Cutler Park vigil calls for immigration changes
Church group part of national effort to address
issue on Obama’s first working day
By Katherine Michalets
Freeman Staff
WAUKESHA
– The candles held by people gathered Wednesday evening for a prayer
vigil for comprehensive immigration reform in Cutler Park
helped to illuminate their signs as they sang hymns, read prayers and spoke
about immigration issues.
The prayer vigil was sponsored by SOPHIA,
a coalition of Waukesha
County church
congregations and organizations, but it was also part of a national effort to
raise awareness about immigration reform the day after President Barack Obama
took office. Waukesha’s
prayer vigil was attended by about three dozen people, some holding signs that
read “Immigrants are people!” “Keep families united”
and “We are a nation of immigrants.”
Dave Groenewold,
whose wife Betty is SOPHIA’s president, said the organization would like
to see the law changed so people don’t need to have a Social Security
number in order to get a driver’s license. He said if illegal immigrants
would be able to obtain their driver’s license, they could get car
insurance and would make the roads safer.
For Ralph Schultz,
a retired minister and a member of SOPHIA, having immigrants treated like human
beings is the most important thing.
Groenewold said that SOPHIA feels the economy and the war in Iraq
might become Obama’s biggest priorities now that he is in office, and
they wanted to encourage him to still create dialogue about immigration reform.
Groenewold and Schultz also spoke of creating a pathway to citizenship for
illegal immigrants and the effects on families being separated as members come
to the United States from Mexico
to look for jobs.
“He mentioned caring about
each other and helping each other, which could relate to immigration,”

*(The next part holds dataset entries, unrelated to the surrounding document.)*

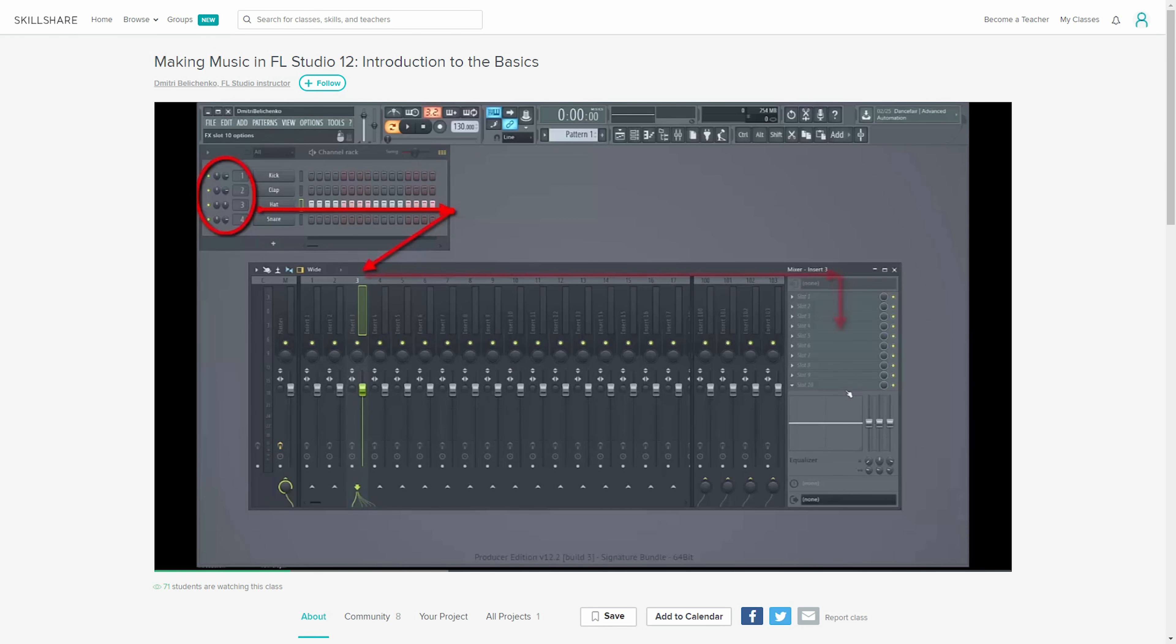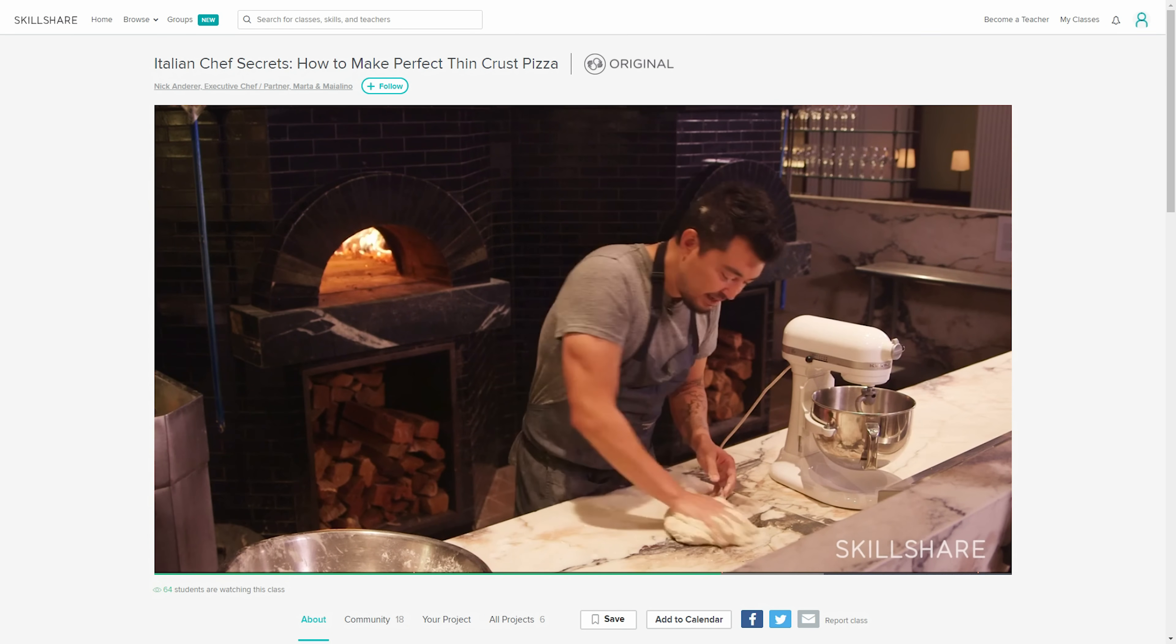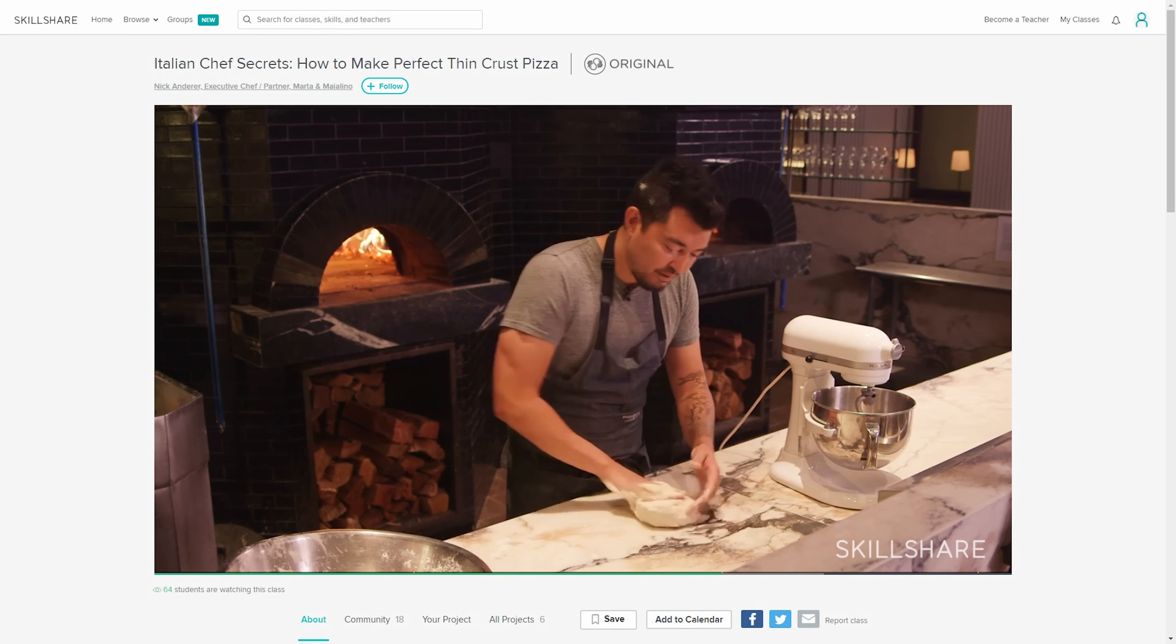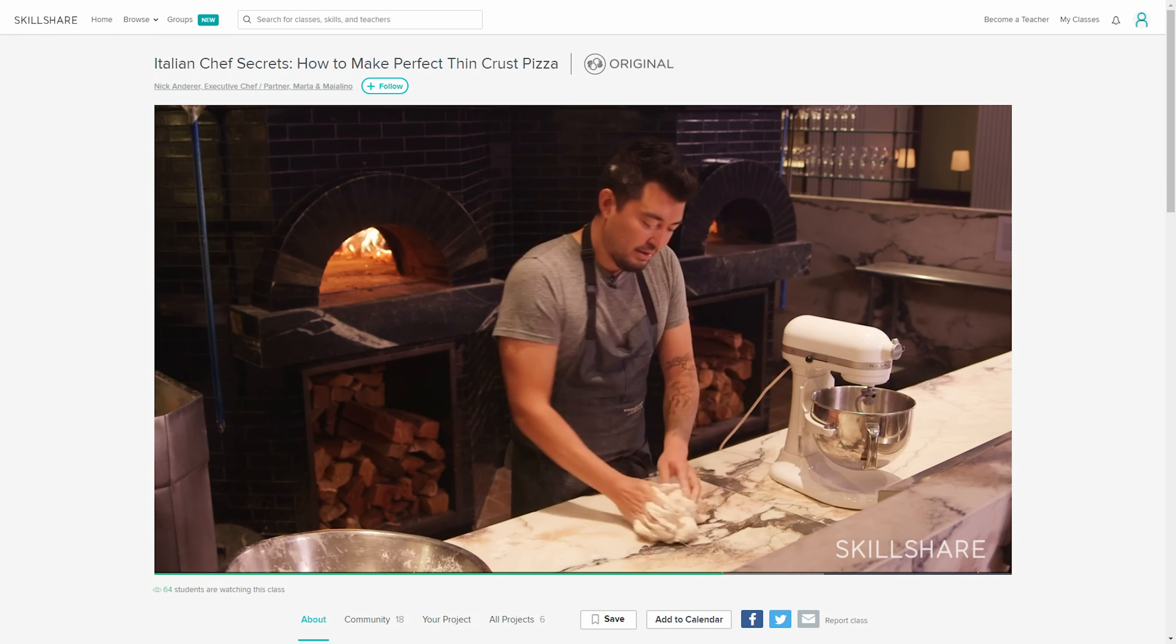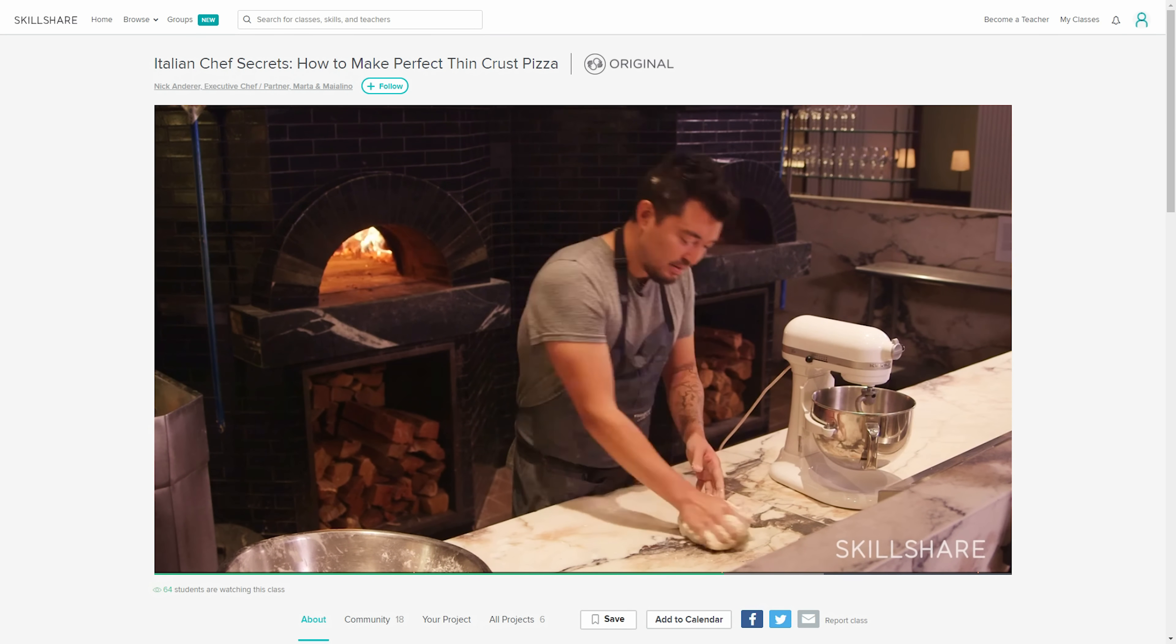They have high-quality classes made by experts from practically all fields, and a premium membership for as little as $10 a month gives you access to all of them.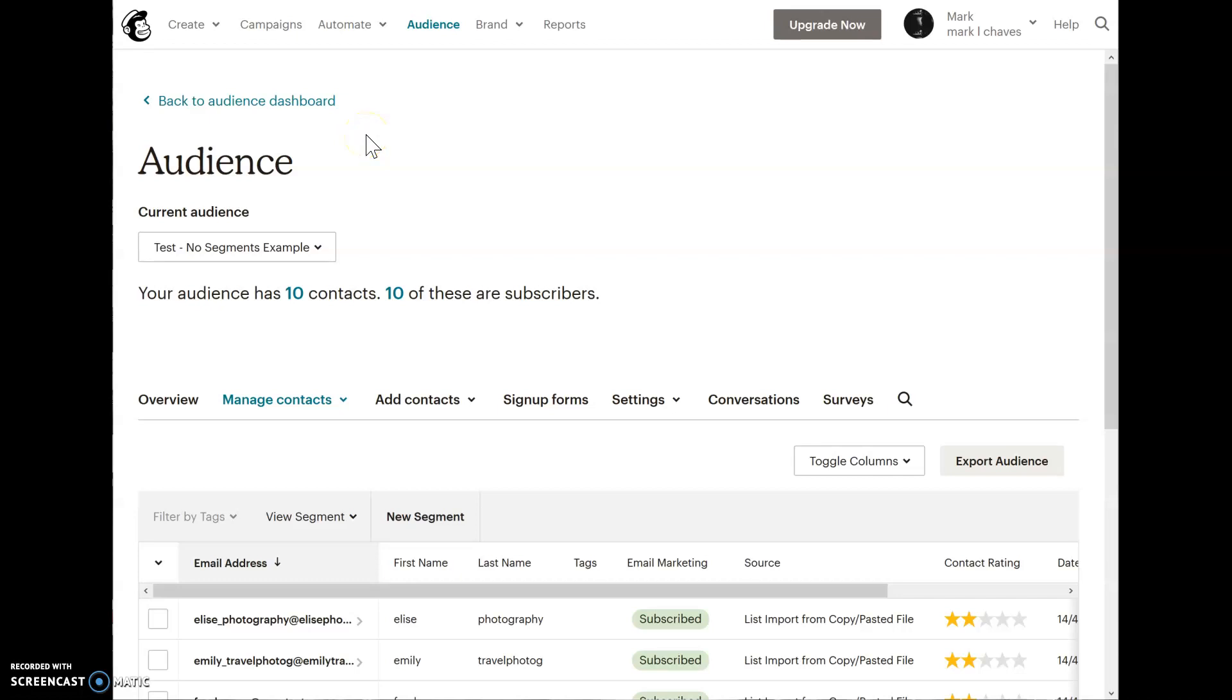Hi, this is Mark. Today I'm going to show you the difference between groups, segments, and tags in MailChimp.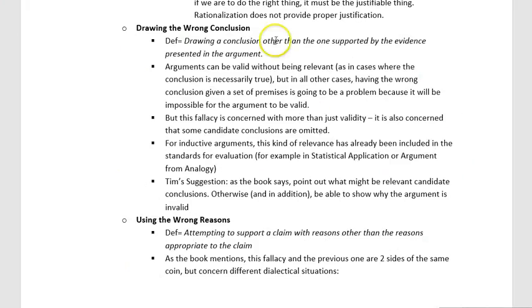Drawing the wrong conclusion is drawing a conclusion other than the one supported by the evidence presented in the argument. Using the wrong reasons is defined as attempting to support a claim with reasons other than the reasons appropriate to that claim. These are really the same thing. Both are a matter of having premises that are basically not useful for providing a support relation for the conclusion — you're making irrelevant claims, trying to defend a certain claim using premises that don't defend it, or drawing the wrong conclusion from your evidence.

Schultz said, referring to Obama’s inauguration
speech.
Groenewold said trade agreements the United States has with other countries
allow for the free flow of goods, so why can’t that apply to people, too.
“Why can’t we have the same thing? If there
aren’t jobs, they aren’t going to come,” he said.
John Vinson, the president of American Immigration Control in
Monterey, Va.,
has a different perspective. He said American Immigration Control wants the U.S.
government to enforce existing laws and for people who immigrate here to obey
them.
“The level of immigration should be cut back,”
Vinson said.
He said his organization is not
anti-immigration, but it promotes immigration moderation. Vinson said Obama
marched with illegal immigrants while he campaigned.
“His (form) of immigrant reform is to legalize all the
people who live here illegally,” Vinson said of Obama.
Illegal immigrants are also vying for the same jobs as legal
American residents, Vinson said.
“They’re competing with Americans who want jobs
just to be able to put food on the table,” he said.

Bryon S. Houlgrave/Freeman Staff
Javier O. Cervera of Milwaukee, a loan
coordinator for La Casa de Esperanza’s Ways to Work program, holds a sign
Wednesday as traffic passes Cutler Park in Waukesha.